The Bread and Roses Women’s Health Centre in Gainesville, central Florida, is on a tree-lined street in a sedate neighbourhood, with well-kept lawns and LGBTQ flags outside several houses. When I went past a few months ago, there was an older white man with a beard outside, holding a four-foot sign with a picture of a foetus that said: ‘Preborn Human’. Another white man across the street had a smaller and more subtle sign: ‘We Will Help You.’

At the entrance to the clinic, Priya, a young woman of South Asian descent, was waiting to let patients know they had arrived at the right place and ensure they entered the building safely. ‘I think being a volunteer escort is the best way to support abortion access in Florida,’ she told me.

From Gainesville I travelled north to Tallahassee, where I met and spoke with Kara Gross, who works for the American Civil Liberties Union of Florida. ‘The vast majority of Floridians … do not want these abortion bans,’ she said. ‘Floridians, you know, are by and large people that want to live freely and want their freedom to make medical decisions. They want their freedom to be able to work and to be able to live and to be able to exist. And to be able to read the books they want to read and talk about the things they want to talk about.’

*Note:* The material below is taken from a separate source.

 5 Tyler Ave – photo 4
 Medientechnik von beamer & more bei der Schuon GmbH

Dobbs wasn’t the first legal setback to Roe v. Wade. The Hyde Amendment, passed by the House of Representatives in 1976, prevented federal funds from being used for abortions. As Johanna Schoen documents in Abortion after Roe, the National Right to Life Committee played a key role in getting the legislation passed.

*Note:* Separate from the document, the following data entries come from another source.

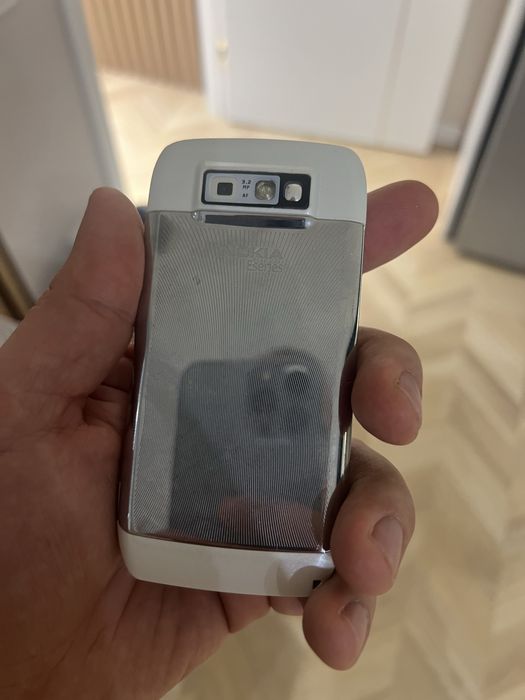 Продам nokia Е71 - оригинал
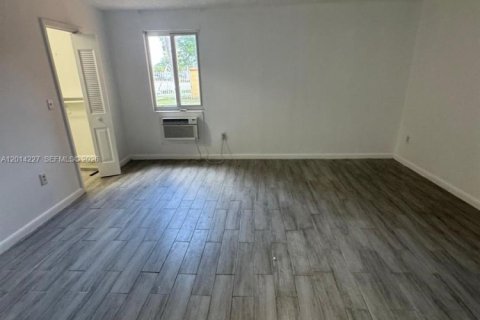Copropriété à louer à Hialeah, Floride: 1 chambre, 35.49 m2 № 2076247 - photo 7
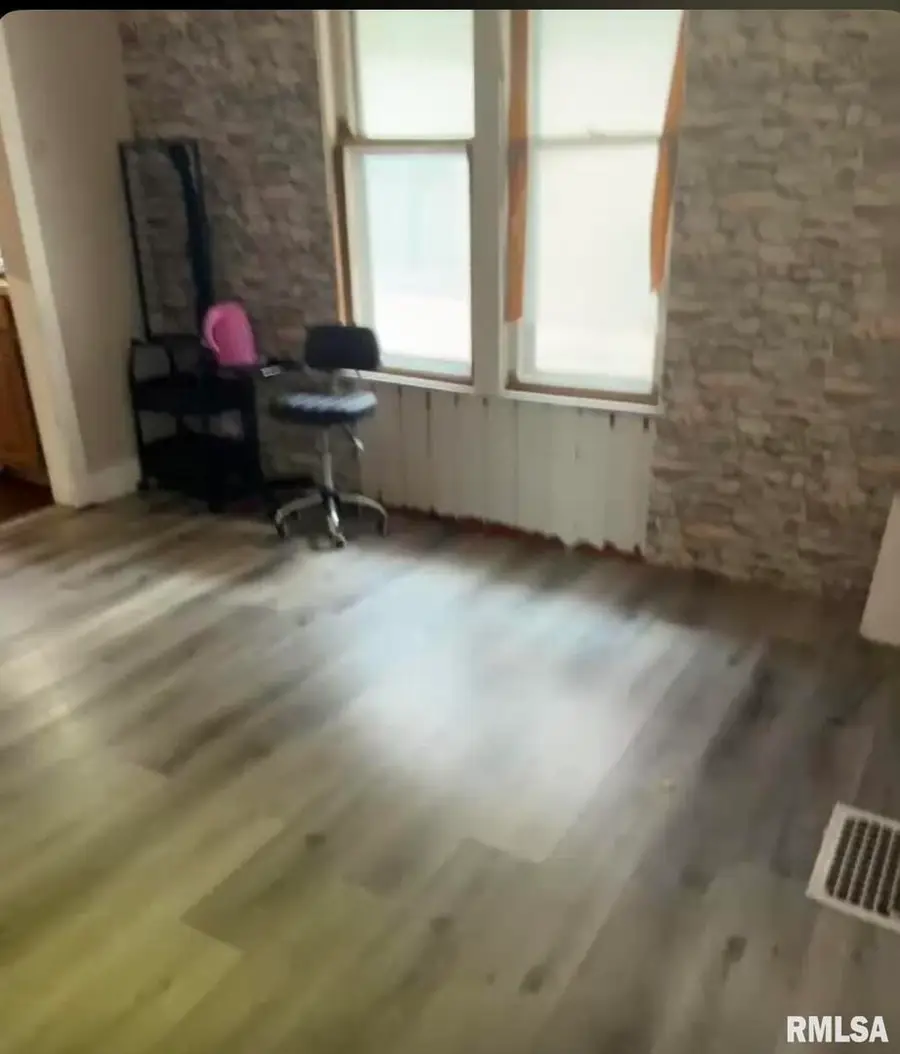 704 9th Avenue S, Clinton, IA 52732 - Image #3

Other anti-abortion activists turned to violence. Since 1977, the National Abortion Federation has documented ‘11 murders, 42 bombings, 200 arsons, 531 assaults, 492 clinic invasions, 375 burglaries and thousands of other incidents of criminal activities directed at patients, providers and volunteers’.Florida has seen more than its share. Early on Christmas morning 1984, the Ladies Center and two other abortion clinics in Pensacola were bombed by 21-year-old James Simmons, his 18-year-old wife, Kathren, 21-year-old Matthew Goldsby and his 18-year-old girlfriend, Kaye Wiggins. They said it was ‘a gift to Jesus on his birthday’. In 1986, half a dozen anti-abortion activists, most of them associated with the group Rescue America, invaded the Ladies Center and injured two women. One of the perpetrators was John Burt, a former member of the Ku Klux Klan who was convicted of child abuse in 2003.

On 10 March 1993, Dr David Gunn was shot dead by Michael F. Griffin, an anti-choice zealot, outside the Pensacola Women’s Medical Services clinic. A year later Dr John Britton was shot dead along with his bodyguard, James Barrett, by Paul J. Hill, a former Presbyterian minister who had been excommunicated the previous year.

Anti-abortion violence appeared to taper off in the late 1990s. But it has not gone away; instead, it has taken on new forms. According to the National Abortion Federation, stalking and obstruction by anti-abortion extremists increased sharply in states with access to abortion between 2021 and 2022.

And, as Amber Nicole Thurman’s death shows, anti-abortion legislation is itself a form of violence. Despite a state supreme court ruling in 1989 that ‘every natural person has the right to be let alone and free from government intrusion into the person's private life’, Florida was making it harder to get an abortion for years before Dobbs. In 2007, it passed a law requiring medical providers to show an ultrasound of the foetus to the person carrying it before providing an abortion. In 2015, the state legislature passed HB 633, requiring two visits to a medical facility 24 hours apart before an abortion could be administered. Within a week of the Dobbs decision, Florida banned abortions after 15 weeks.

The right to abortion will be on the ballot in Florida (and nine other states) on 5 November. If passed (a 60 per cent supermajority is required), amendment 4 to the state constitution would declare that ‘no law shall prohibit, penalise, delay or restrict abortion before viability or when necessary to protect the patient’s health, as determined by the patient’s healthcare provider.’